Home → 2005 → 10 → Akismet, centralised spam combating solution by Matt
Akismet, centralised spam combating solution by Matt
Matt Mullenweg announced a new spam combating service — Akismet. If you are a personal blogger, or pro-blogger-wannabe who cannot make more than $500 a month, Akismet is free for you to use. If it is a commercial site, or you are making big bucks from your blogsites — then a commercial license needs to be acquired starting from $5/month.
So, how does Akismet catch spams? How does it reduce false positives? What sort of algorithm does it use? Well, hmmm. We don’t know. Akismet is a centralised spam classifying service. For every comment received by your blog, it gets delivered to a centralised server, using a REST-based API. If the big brain on that server doesn’t like, it yells back “Spam!!!” and so that comment will be marked.
So, how does this centralised server determine whether a comment is a ham or a spam? According to the FAQ,
When a new comment, trackback, or pingback comes to your blog it is submitted to the Akismet web service which runs hundreds of tests on the comment and returns a thumbs up or thumbs down.

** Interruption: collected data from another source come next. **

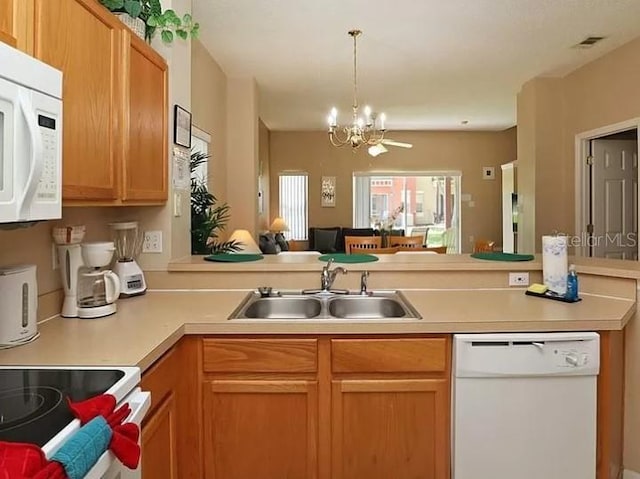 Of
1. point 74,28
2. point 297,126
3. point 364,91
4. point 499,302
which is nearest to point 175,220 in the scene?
point 74,28

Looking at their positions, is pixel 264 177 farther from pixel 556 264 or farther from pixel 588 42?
pixel 556 264

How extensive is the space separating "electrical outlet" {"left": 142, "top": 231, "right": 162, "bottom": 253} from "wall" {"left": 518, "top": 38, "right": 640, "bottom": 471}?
14.2 ft

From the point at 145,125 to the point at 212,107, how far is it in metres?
2.99

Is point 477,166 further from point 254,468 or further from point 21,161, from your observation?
point 21,161

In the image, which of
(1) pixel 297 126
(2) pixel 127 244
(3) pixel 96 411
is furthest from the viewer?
(1) pixel 297 126

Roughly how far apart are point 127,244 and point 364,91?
15.1ft

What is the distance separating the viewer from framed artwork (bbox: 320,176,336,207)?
9.48 meters

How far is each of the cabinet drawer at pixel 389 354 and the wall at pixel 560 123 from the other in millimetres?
3986

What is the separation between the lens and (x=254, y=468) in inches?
71.0

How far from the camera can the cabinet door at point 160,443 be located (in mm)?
1436

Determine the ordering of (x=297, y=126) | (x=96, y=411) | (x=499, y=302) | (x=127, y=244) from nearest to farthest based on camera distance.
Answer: (x=96, y=411) → (x=499, y=302) → (x=127, y=244) → (x=297, y=126)

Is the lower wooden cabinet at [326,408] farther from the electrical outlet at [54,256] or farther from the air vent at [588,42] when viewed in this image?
the air vent at [588,42]

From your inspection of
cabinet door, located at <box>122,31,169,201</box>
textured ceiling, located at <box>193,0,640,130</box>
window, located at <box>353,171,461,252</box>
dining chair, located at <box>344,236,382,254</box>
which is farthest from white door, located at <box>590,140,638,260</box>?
cabinet door, located at <box>122,31,169,201</box>

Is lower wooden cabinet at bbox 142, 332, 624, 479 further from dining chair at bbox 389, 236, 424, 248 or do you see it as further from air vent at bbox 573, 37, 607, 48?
dining chair at bbox 389, 236, 424, 248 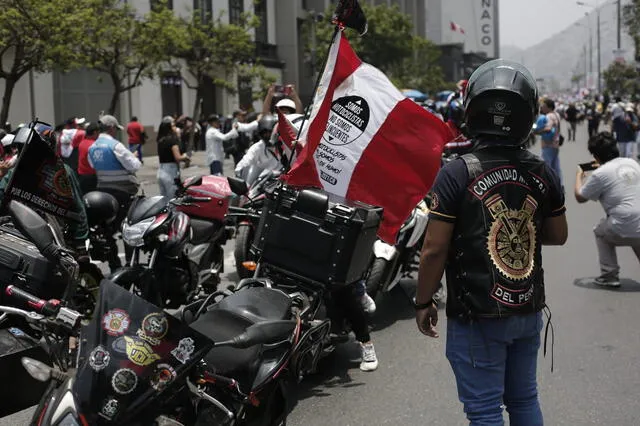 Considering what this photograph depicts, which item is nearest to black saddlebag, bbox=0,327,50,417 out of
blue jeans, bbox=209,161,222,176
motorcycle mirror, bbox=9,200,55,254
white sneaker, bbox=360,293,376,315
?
motorcycle mirror, bbox=9,200,55,254

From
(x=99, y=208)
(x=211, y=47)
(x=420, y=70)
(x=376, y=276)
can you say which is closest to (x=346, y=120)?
(x=376, y=276)

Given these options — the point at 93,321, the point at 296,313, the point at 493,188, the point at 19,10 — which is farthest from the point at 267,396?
the point at 19,10

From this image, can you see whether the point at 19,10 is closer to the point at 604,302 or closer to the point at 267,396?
the point at 604,302

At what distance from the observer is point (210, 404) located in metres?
3.36

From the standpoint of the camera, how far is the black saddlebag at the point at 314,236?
4895mm

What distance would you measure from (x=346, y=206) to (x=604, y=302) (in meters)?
3.51

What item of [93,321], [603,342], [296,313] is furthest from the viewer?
[603,342]

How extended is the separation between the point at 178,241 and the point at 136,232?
378 millimetres

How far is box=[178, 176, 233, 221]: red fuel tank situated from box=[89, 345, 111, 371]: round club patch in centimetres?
450

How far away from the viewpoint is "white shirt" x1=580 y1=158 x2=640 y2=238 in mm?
7770

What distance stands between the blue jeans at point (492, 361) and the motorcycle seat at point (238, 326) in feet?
2.88

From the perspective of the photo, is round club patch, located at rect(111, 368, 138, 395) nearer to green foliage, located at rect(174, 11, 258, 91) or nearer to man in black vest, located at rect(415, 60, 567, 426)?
man in black vest, located at rect(415, 60, 567, 426)

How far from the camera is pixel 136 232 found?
6.30 m

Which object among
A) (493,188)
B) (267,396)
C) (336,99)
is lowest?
(267,396) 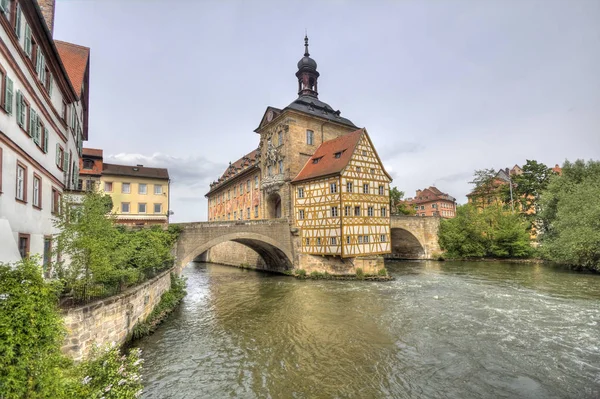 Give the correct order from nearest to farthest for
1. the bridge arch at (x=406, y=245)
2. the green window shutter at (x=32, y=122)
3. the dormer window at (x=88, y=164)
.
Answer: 1. the green window shutter at (x=32, y=122)
2. the dormer window at (x=88, y=164)
3. the bridge arch at (x=406, y=245)

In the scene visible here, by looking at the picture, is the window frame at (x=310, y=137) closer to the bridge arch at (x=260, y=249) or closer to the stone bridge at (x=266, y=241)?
the stone bridge at (x=266, y=241)

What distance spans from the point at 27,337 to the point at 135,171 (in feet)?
116

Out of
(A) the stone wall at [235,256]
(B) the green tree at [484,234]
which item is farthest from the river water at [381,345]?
(B) the green tree at [484,234]

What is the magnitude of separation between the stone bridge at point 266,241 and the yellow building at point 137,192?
9.14m

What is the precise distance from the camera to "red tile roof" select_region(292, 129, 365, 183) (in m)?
23.9

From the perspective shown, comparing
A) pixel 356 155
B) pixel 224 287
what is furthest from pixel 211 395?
pixel 356 155

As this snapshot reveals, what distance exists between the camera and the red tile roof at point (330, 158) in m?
23.9

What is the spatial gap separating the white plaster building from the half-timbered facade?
15741 mm

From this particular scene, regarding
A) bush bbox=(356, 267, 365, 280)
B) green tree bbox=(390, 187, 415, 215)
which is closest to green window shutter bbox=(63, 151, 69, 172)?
bush bbox=(356, 267, 365, 280)

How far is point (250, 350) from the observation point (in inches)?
399

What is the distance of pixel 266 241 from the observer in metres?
24.2

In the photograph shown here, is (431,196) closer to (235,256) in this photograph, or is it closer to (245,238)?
(235,256)

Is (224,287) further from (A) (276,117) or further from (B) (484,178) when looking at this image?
(B) (484,178)

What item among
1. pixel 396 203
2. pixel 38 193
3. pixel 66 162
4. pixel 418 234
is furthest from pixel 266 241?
pixel 396 203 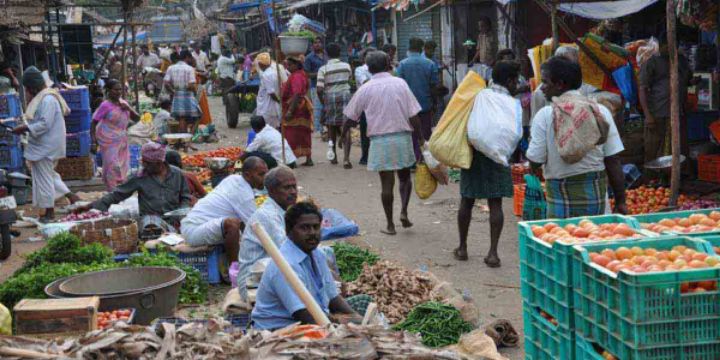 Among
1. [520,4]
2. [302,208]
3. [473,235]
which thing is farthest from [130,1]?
[302,208]

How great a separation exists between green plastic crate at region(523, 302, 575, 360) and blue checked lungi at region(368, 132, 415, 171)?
16.4 ft

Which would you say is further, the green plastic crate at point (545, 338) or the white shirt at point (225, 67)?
the white shirt at point (225, 67)

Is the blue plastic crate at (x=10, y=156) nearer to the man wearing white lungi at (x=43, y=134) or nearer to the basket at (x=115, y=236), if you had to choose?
the man wearing white lungi at (x=43, y=134)

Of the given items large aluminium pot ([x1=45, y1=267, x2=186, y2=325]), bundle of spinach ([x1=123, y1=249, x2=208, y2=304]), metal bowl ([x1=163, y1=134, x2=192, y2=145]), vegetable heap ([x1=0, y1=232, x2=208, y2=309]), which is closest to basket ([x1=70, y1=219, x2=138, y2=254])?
vegetable heap ([x1=0, y1=232, x2=208, y2=309])

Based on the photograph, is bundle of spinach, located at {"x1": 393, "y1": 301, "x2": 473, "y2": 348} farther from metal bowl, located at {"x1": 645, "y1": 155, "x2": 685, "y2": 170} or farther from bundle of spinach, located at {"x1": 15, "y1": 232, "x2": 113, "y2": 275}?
metal bowl, located at {"x1": 645, "y1": 155, "x2": 685, "y2": 170}

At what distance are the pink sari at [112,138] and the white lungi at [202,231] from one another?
5.18 metres

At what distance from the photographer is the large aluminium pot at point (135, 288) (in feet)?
23.1

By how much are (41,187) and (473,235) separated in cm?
546

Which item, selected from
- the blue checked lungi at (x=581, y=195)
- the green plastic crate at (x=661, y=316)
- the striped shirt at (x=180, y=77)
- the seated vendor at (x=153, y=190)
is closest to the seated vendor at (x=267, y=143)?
the seated vendor at (x=153, y=190)

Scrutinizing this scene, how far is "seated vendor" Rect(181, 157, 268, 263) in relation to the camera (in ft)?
28.1

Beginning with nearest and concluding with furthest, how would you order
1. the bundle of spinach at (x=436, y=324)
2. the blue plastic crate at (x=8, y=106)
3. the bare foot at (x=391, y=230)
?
the bundle of spinach at (x=436, y=324) < the bare foot at (x=391, y=230) < the blue plastic crate at (x=8, y=106)

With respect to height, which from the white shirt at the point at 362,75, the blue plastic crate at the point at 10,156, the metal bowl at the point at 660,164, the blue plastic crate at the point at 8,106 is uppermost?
the white shirt at the point at 362,75

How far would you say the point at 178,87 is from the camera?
20.0m

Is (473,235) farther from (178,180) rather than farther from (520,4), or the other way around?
(520,4) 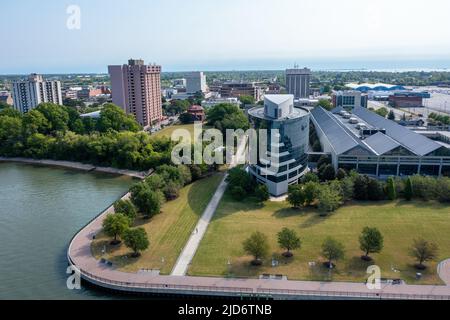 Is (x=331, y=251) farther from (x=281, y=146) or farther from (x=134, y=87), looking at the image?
(x=134, y=87)

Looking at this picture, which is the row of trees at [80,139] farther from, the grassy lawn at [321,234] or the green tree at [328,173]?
the green tree at [328,173]

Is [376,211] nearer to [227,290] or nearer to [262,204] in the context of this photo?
[262,204]

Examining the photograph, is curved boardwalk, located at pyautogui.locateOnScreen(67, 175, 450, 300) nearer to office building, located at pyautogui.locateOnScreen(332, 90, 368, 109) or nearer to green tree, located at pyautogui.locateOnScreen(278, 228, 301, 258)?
green tree, located at pyautogui.locateOnScreen(278, 228, 301, 258)

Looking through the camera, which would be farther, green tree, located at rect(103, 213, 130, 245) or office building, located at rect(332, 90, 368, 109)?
office building, located at rect(332, 90, 368, 109)

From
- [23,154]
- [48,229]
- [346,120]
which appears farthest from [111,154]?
[346,120]

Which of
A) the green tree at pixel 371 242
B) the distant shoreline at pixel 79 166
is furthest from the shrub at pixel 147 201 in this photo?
the green tree at pixel 371 242

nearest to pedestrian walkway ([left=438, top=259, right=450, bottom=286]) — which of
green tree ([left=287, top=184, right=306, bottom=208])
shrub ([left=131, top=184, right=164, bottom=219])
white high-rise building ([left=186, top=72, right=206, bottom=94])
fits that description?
green tree ([left=287, top=184, right=306, bottom=208])

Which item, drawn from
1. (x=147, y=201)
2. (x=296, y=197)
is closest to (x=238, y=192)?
(x=296, y=197)
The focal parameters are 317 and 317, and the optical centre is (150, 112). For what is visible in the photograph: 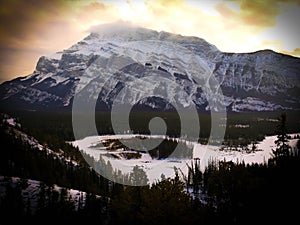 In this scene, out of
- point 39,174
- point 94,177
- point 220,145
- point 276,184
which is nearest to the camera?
point 276,184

Hmm. Probably something like SpamAssassin but for blog comments. According to Michael Hampton, it “entirely replace plugins such as wp-hashcash, Spam Karma 2, AuthImage, etc” so I guess they must have sampled some of those implementations. Further on, he mentioned that he has “integrating CJD’s Spam Nuker”. So we probably get some idea what kind of backend does it have.
It also allows the users to manually classify comments as spam or ham. In the sense it might have some kind of Bayesian classifier that can be trained. Useful to report all the false positive. and false negatives.
So, what’s good about Akismet?
- A large sample of comment spams allows its Bayesian classifier to be thoroughly trained.
- Centralised service so Matt and co can do all the fine tuning without touching your site. No more updates for algorithm changes.
- Nice API that can be easily integrated into other blog tools. There might even command-line tools that can submit spam/ham in bulk.
But why I probably would not use it?
- A centralised server. I hate latency, especially my blogs are hosted somewhere half way around the world to Akismet’s central server.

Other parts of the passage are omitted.